町田は前節、今季最多得点を更新する4-0の大勝を飾り、新潟に対してシーズンダブルを達成した。ゴールラッシュの口火を切ったのは、西村 拓真の積極的なミドルシュートで、後半は西村 拓真と2シャドーを組む相馬 勇紀がミドルシュート2発で2点を追加。さらに最前線の藤尾 翔太がダメ押しの4点目を決め、1トップ2シャドーを形成する全選手がゴールをマークした。
藤尾 翔太、西村 拓真、相馬 勇紀で構成する1トップ2シャドーの新たな組み合わせが確立されてから3連勝となっており、特に最前線の藤尾 翔太はプレスのスイッチ役としても貢献している。1列下で連動したプレスを実行している西村 拓真は、藤尾 翔太に対して、「翔太のアグレッシブな守備があった」とその守備を評価し、感謝している。
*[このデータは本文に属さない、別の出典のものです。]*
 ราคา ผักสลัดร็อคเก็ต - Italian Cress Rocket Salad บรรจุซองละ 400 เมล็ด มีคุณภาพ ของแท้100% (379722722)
現在2試合連続ゴール中で好調の相馬 勇紀がチームをけん引する中、現状の戦い方に手ごたえをつかんでいる町田は後半戦での大逆襲を誓う。相馬 勇紀は「(後半戦で)19連勝したいと思います」と語気を強める。またチーム状態が上昇カーブを描く中、選手たちに慢心する様子はない。相馬 勇紀は言った。
「新潟戦で勝てたからといって、次の試合で勝てる保証はどこにもありません」 3連勝を果たしても決しておごることなく、今節も町田は謙虚に連勝更新を目指す。
一方でアウェイに乗り込む清水は勝利から遠ざかっており、苦境に直面している。チームに逆風が吹く中、町田戦は不動のコアメンバーの1人であるマテウス ブエノが累積警告による出場停止を余儀なくされる。代役に注目が集まる中、マテウス ブエノと鉄板のコンビを形成してきた宇野 禅斗は古巣戦に臨むとあって、余計に士気は高いはずだ。昨季の夏に育成型期限付き移籍で町田を離れるまで、チーム内で不動の地位を確立していた時期は決して長くなかったが、いまや清水に欠かせないピースとなっており、その実力をかつてのホームスタジアムで発揮したい気持ちは強いだろう。町田を離れて以降、初めてとなる町田GIONスタジアム凱旋で、青森山田高時代も含めて指導を受けてきた黒田 剛監督の前で成長した姿を見せられるか、必見だ。
また個人という視点では、町田のオ セフンも古巣戦。アウェイでの前回対戦では西村 拓真の先制点を演出する起点作りで貢献したが、直近のリーグ戦3試合では出番に恵まれていない。清水戦を終えると、東アジアE-1選手権に臨む韓国代表に合流するため、チームで結果を残してから東アジアの公式大会に臨みたい気持ちは強いだろう。
さらに町田には数多くの元清水の選手が在籍している。白崎 凌兵やミッチェル デューク、髙橋 大悟、新井 栄聡にとっても、清水は特別な古巣戦だ。
黒田 剛監督体制の町田と秋葉 忠宏監督体制の清水による対戦は、ここまで1勝1分1敗とまったくの五分。今回勝利を収めて白星を先行させるのは町田か、清水か。今節はまさに“決着戦”だ。